The court of appeals eventually reversed the trial court and held that professional baseball did not constitute interstate commerce. In particular, the circuit court characterized the major leagues as being engaged in "sport" not "commerce," while stating that Baltimore's case primarily focused on the reserve clause. This latter portion of the opinion has caused some subsequent courts and commentators to believe that the suit only involved allegations concerning the reserve clause, when in reality Baltimore's claims were broader.
Nevertheless, the Supreme Court ultimately affirmed the court of appeals' decision in 1922. Although the Supreme Court's decision has always been understood to be unanimous, my research revealed that at least two justices -- Brandeis and McKenna -- initially cast dissenting votes. Indeed, both justices eventually wrote to Justice Oliver Wendell Holmes, Jr. (pictured), the author of the majority opinion, to report that they were switching their votes so that the decision could be unanimous.

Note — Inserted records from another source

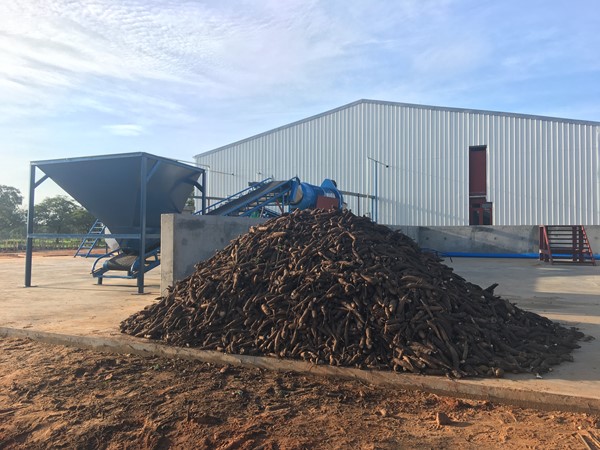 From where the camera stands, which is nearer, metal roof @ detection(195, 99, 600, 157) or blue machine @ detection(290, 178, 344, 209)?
blue machine @ detection(290, 178, 344, 209)

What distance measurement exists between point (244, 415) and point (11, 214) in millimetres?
68904

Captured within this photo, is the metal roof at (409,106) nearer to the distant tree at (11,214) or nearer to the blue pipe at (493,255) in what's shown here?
the blue pipe at (493,255)

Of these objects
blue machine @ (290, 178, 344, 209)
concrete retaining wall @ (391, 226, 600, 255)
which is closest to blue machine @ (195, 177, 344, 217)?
blue machine @ (290, 178, 344, 209)

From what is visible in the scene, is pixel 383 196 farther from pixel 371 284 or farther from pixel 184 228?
pixel 371 284

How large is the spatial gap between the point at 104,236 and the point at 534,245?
819 inches

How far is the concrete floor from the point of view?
13.9ft

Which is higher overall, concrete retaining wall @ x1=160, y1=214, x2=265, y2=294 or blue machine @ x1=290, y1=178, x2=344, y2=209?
blue machine @ x1=290, y1=178, x2=344, y2=209

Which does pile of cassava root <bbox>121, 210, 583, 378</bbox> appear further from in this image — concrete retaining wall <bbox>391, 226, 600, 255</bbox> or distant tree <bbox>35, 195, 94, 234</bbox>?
distant tree <bbox>35, 195, 94, 234</bbox>

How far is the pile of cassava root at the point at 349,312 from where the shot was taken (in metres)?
4.87

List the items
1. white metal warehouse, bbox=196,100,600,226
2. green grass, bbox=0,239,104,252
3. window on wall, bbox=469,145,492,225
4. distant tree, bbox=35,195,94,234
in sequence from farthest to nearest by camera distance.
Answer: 1. distant tree, bbox=35,195,94,234
2. green grass, bbox=0,239,104,252
3. window on wall, bbox=469,145,492,225
4. white metal warehouse, bbox=196,100,600,226

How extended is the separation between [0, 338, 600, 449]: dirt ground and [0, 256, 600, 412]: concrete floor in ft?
0.59

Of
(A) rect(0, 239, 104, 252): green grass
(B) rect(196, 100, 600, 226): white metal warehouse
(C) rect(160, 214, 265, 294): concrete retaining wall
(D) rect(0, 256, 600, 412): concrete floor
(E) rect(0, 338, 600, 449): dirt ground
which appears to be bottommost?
(E) rect(0, 338, 600, 449): dirt ground

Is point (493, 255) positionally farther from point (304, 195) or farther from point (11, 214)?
point (11, 214)

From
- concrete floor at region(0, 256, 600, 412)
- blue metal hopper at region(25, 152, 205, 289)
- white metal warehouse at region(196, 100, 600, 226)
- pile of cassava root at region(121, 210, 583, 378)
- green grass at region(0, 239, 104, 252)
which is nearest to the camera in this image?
concrete floor at region(0, 256, 600, 412) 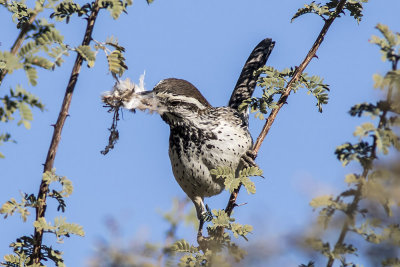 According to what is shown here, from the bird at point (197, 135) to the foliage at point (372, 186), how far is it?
8.61 feet

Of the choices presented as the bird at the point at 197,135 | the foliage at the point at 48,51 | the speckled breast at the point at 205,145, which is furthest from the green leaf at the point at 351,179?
the speckled breast at the point at 205,145

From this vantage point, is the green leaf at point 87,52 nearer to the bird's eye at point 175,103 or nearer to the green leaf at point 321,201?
the green leaf at point 321,201

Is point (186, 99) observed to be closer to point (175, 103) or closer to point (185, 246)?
point (175, 103)

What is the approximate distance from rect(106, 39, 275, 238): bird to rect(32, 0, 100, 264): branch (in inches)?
80.1

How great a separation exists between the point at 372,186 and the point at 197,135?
2.98 metres

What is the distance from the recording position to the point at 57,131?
75.8 inches

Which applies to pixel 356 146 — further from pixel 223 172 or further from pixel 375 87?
pixel 223 172

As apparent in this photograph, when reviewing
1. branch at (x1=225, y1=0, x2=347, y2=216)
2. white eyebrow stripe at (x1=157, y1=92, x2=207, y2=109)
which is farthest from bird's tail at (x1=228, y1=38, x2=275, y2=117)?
branch at (x1=225, y1=0, x2=347, y2=216)

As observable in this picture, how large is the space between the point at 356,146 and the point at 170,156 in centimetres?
317

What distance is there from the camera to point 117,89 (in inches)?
135

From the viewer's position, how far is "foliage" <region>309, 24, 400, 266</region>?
1.46 metres

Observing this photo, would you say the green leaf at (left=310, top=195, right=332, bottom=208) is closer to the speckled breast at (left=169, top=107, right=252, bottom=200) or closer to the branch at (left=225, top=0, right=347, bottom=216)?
the branch at (left=225, top=0, right=347, bottom=216)

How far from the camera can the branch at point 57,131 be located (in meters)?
1.92

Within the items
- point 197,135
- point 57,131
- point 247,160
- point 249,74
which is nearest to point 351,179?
point 57,131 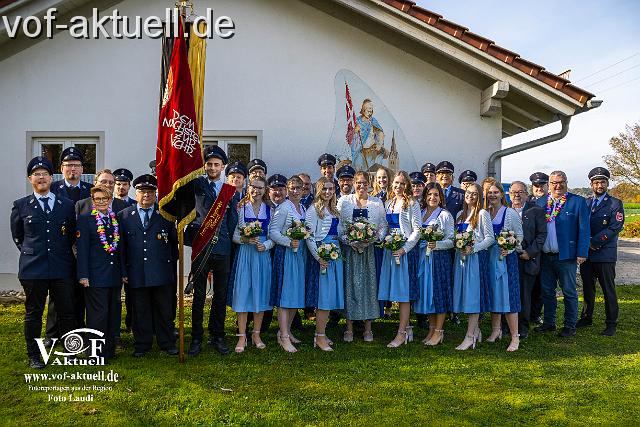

Justice Holmes's opinion in the case has regularly been misinterpreted, with many believing that it simply held that professional baseball was not sufficiently interstate in nature to fall within the Sherman Act. In reality, Holmes' decision was premised on two separate grounds. Most fundamentally, he determined that baseball was not commerce, adopting the major leagues' characterization of the term as being limited to the production or sale of tangible goods. In particular, Holmes stated that "the exhibition, although made for money would not be called trade or commerce in the commonly accepted use of those words." In addition, Holmes also determined that professional baseball was not interstate in nature because the entire source of the industry's revenue -- i.e., ticket sales to baseball exhibitions -- was generated within a single state. The transportation of players across state lines, he concluded, was thus merely "incidental."
While subsequent commentators have been highly critical of Holmes' decision in the case, my research revealed that both parts of his holding were consistent with the legal precedents in place at the time. Moreover, neither of these arguments was ever effectively rebutted by Baltimore's counsel in its briefing. Therefore, my book ultimately concludes that the Federal Baseball case, although heavily criticized today, was in fact correctly decided given the applicable legal precedents in place in 1922.